A year ago, it made a profit of €1 billion.

IAG is expecting that it will be 2023 before passenger demand recovers, and it has also warned that it is “restructuring its cost base” to reduce the size of airlines, including Aer Lingus.

Today, Aer Lingus staff at Shannon have been told by their employer that it needs to take further steps to address this crisis, in moves which could further impact those workers.

The airline says it has “no line of sight” on any meaningful resumption of operations from Cork and Shannon, and as a result it’s “reviewing the scale of their flying programme” from both airports, and the viability of their regional bases there.

The airline criticises government policies on aviation, calling them the most restrictive in Europe

It adds that this, and the failure to strike a deal with unions shows “there has been a failure in Ireland amongst a number of key stakeholders to understand or appreciate the scale and depth of the crisis in the aviation sector.”

The airline says the decisions ahead will not be taken lightly, but are critical to protect the company.

The note to staff finishes by saying further information will be provided “as it becomes available.”

In a statement to Clare FM, Aer Lingus says it needs to make “significant redundancies” across its business and says compulsory redundancies will be implemented if needed.

Statement From Aer Lingus

The catastrophic impact of COVID-19 on the aviation sector has been compounded in Ireland by the implementation of the most restrictive travel policies in Europe and the  failure to implement supports for the sector.
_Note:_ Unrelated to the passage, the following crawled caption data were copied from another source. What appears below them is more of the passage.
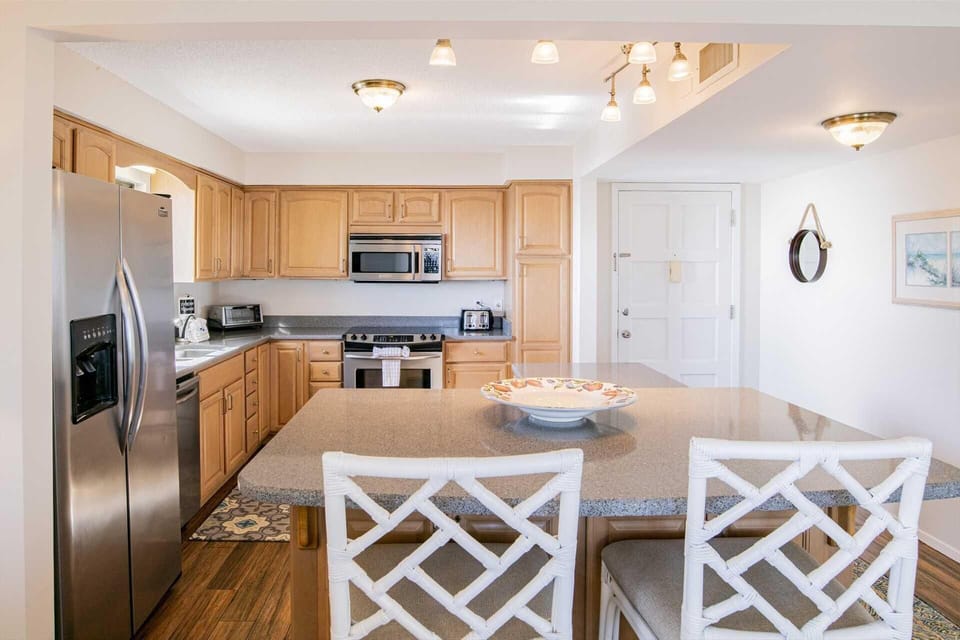 Bright, modern kitchen with spacious island seating for gatherings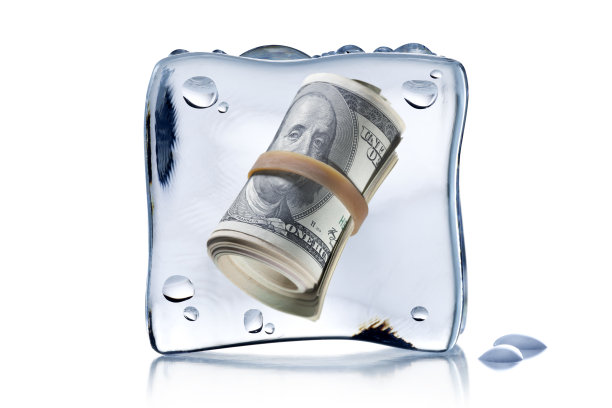 一卷一卷的美元钞票冻在冰块里图片下载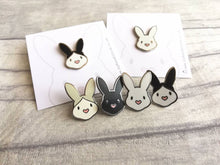 Load image into Gallery viewer, Rabbit enamel pins. Enamel badge. Enamel bunny brooch with pink heart shaped nose. Black, white, grey and white, black and white rabbits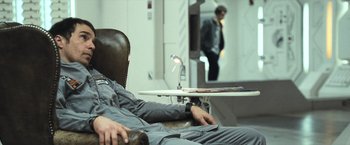 Movie still from “Moon” (2009), directed by Duncan Jones – A man sitting in a chair next to a table; Medium shot, Over the shoulder angle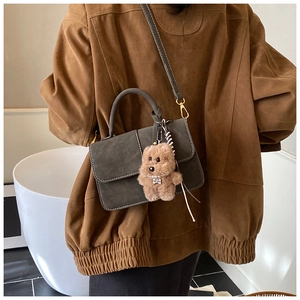 Detail of dark gray-green suede handbag with contrast stitching and teddy bear charm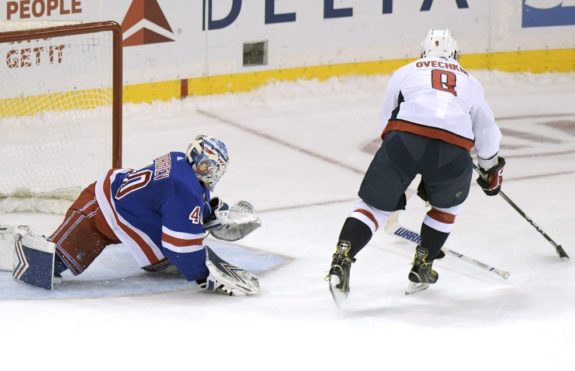 Washington Capitals Alex Ovechkin skates in against New York Rangers Alexandar Georgiev
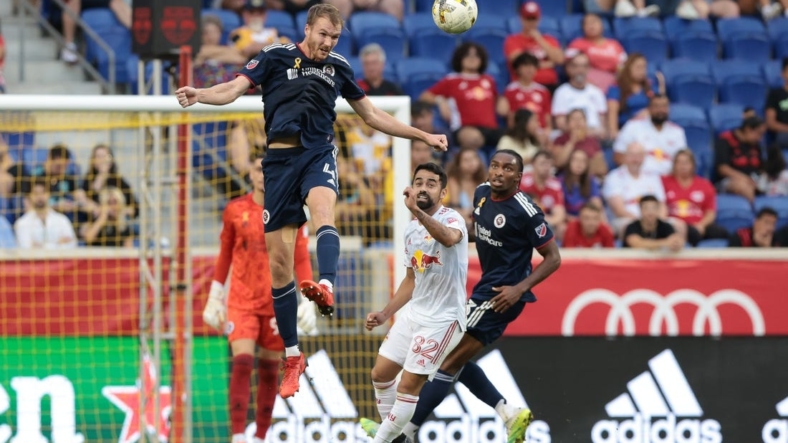 Sep 10, 2022; Harrison, New Jersey, USA; New England Revolution defender Henry Kessler (4) heads the ball away from New York Red Bulls midfielder Luquinhas (82) during the first half at Red Bull Arena. Mandatory Credit: Vincent Carchietta-USA TODAY Sports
Aer Lingus has also not made the required progress on the  implementation of industry standard work practices with key cohorts of employees. In this context and given the Aer Lingus quarterly results today, significant redundancies are required across the business. The redundancies will be on voluntary basis if possible but may be implemented compulsorily if required. Consultations are ongoing with the relevant representative bodies in this regard. Aer Lingus is also reviewing the scale of our flying programme from Cork and Shannon Airports and the ongoing viability of our regional bases there.